USB 3.0, SATA 6Gb/s, Motherboards, And Overcoming Bottlenecks

Gigabyte P55A-UD6 (Graphics Versus Connectivity)

The P55A-UD6 is a well-equipped LGA 1156 motherboard, and one of our recommendations in last year’s Holiday Buyer’s Guide. It also made an appearance in our December 2009 enthusiast P55 motheboard review.

The board's feature list starts with a 24-phase dynamic voltage regulator design offering significant power supply capabilities, and continues with a long list of connectivity options. These include CrossFire support, three x16 PCI Express slots, and JMicron JMB362, ITE 8213, and Marvell 88SE9128 controllers for eSATA, UltraATA/133 and SATA 6Gb/s, respectively. The benefit of three different chips is that each can be linked to a separate PCI Express 1.1 lane, resulting in better distributed bandwidth. Not least of all, there's an NEC controller for USB 3.0.

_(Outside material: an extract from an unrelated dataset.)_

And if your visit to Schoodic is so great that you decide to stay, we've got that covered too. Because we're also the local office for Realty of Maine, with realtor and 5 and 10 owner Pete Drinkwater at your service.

This and the SATA 3.0 controller are routed through a PCI Express pathway selector switch, allowing the two components to draw connectivity from the processor's second-gen links or the PCH's second-gen links (handicapped by Intel to first-gen throughput). You're either limiting graphics performance/connectivity or SATA/USB throughput. That's a tough choice to make either way.

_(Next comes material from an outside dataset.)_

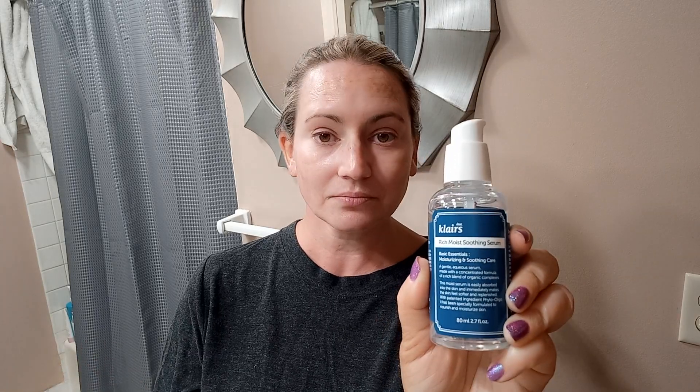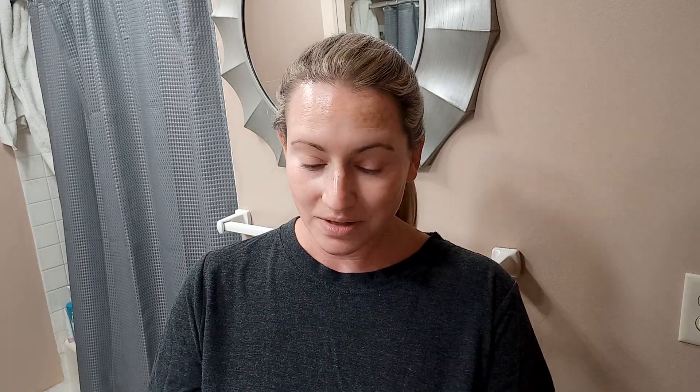Next up we've got Klairs. They have their Rich Moist Soothing Serum that's been around for a while. However, this new version is unscented and is really nice on your skin. It feels really nice and light, hydrating, but not greasy or oily at all. It's got quite an interesting ingredient list.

The motherboard can control PCIe lane assignment, or you can manually define whether USB 3.0 or SATA 3.0 should utilize maximum bandwidth. If you take the manual route, you won't be able to run dual graphics cards. Alternatively, if you install CrossFire, you'll face a serious performance impact on the SATA 3.0 chip (as we'll see shortly). This is not inherently Gigabyte’s fault. It's simply a matter of insufficient total bandwidth to accommodate the new high-speed interfaces and dual graphics from Intel's mainstream chipset.